After graduation, Key moved to Washington, D.C., to work as an intern at the Department of Health and Human Services through the Truman Scholars institute. She then took a job as the legislative coordinator with the District of Columbia Public Schools. Seven months later, she was tapped to join the staff of Representative Terri A. Sewell, newly elected to Congress from Alabama’s Seventh District. “Working for a freshman member of Congress meant I got to do a lot,” she said. “I worked on issues primarily related to education and environment, among others.” When her hometown of Tuscaloosa was flattened by a deadly tornado in April 2011, Key found herself “working with people on the ground” to help with the recovery. Her two years in Washington whetted her desire to become a lawyer.

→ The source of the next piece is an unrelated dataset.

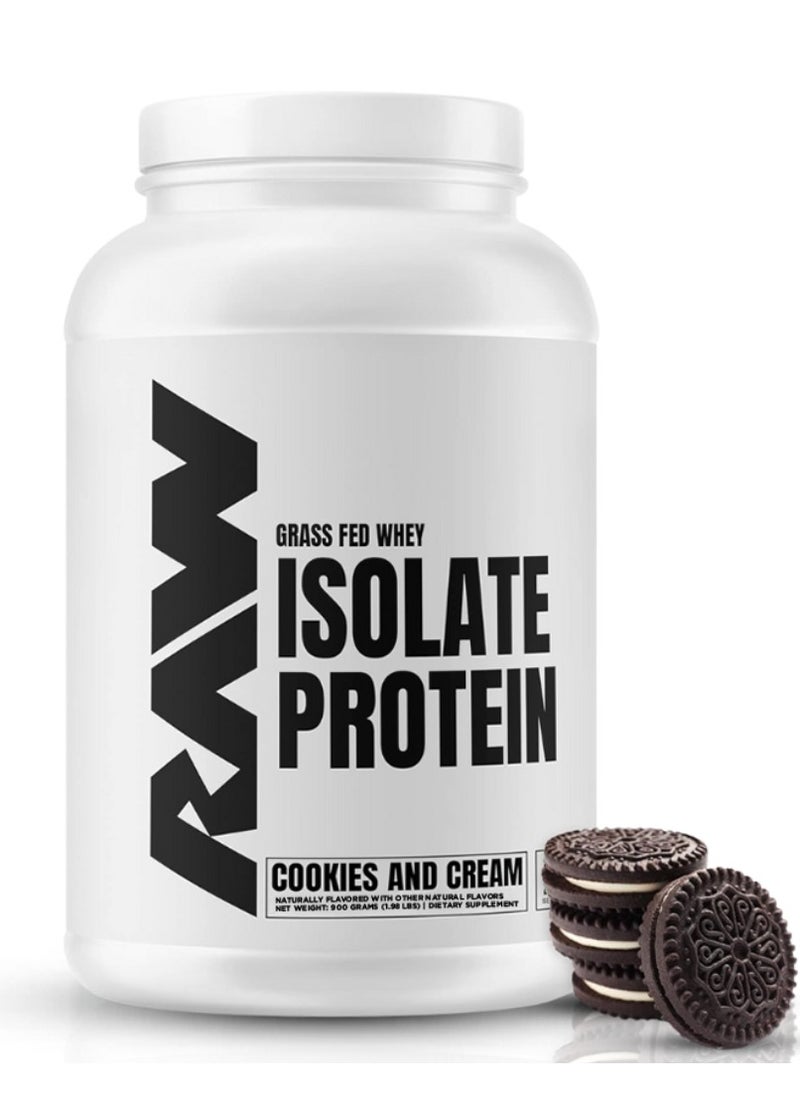 Raw RAW Isolate Protein - Grass Fed Isolate, Zero Fat - Cookies And Cream, 900 gr, 1.98 Lbs, 25 Servings  - Image 1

Key fell in love with Vanderbilt Law School when she visited it as a prospective student. She was particularly impressed with a sample class taught by Associate Dean Lisa Bressman, who also taught her first-year Regulatory State course. “I took Administrative Law my second year so I could have Dean Bressman again,” she said. “I’m choosing courses based on the professor and by areas of law that interest me and cover things I’d love to learn.”
Key joined the Black Law Students Association at the beginning of her 1L year and served as BLSA president as a 2L. Winning the Moot Court competition with partner Robin Frazer ’15 (BS’12) was another highlight of her 2L year. “We were a great team,” Key said. “Robin is one of the smartest, hardest working people I’ve ever met, and I’m a better law student by having been her partner.” Key also won the competition’s Best Oralist award, and she is serving as Chief Justice of the Moot Court Board and as symposium editor of the Environmental Law and Policy Annual Review in 2014-15. She is also a member of the Legal Aid Society and has taken the Pro Bono Pledge, through which students commit to 75 hours of public service during their three years of law school.
As a 2L, Key particularly enjoyed her Law and Policy seminar with Ganesh Sitaraman. “We looked at cases dealing with gay marriage, voters’ rights, the Affordable Care Act, immigration and drones. For my final project, I chose to review the Alabama Accountability Act—essentially a school voucher bill—because I’m interested in education policy,” she said.
During summer 2014, Key worked at the Alabama Attorney General’s Office, at Maynard Cooper and Gale in Birmingham, and at Boardman Carr Bennett Watkins Hill and Gamble in Chelsea, Alabama. During the commencement ceremony, Key was recognized for receiving both the Bennett Douglas Bell Memorial Prize and the Chris Lantz Award. During 2015-16, she is serving as a law clerk to Judge David Hamilton on the U.S. Court of Appeals for the Seventh Circuit in Bloomington, Indiana, whom she met when he came to Vanderbilt to judge the final round of the 2014 Moot Court competition.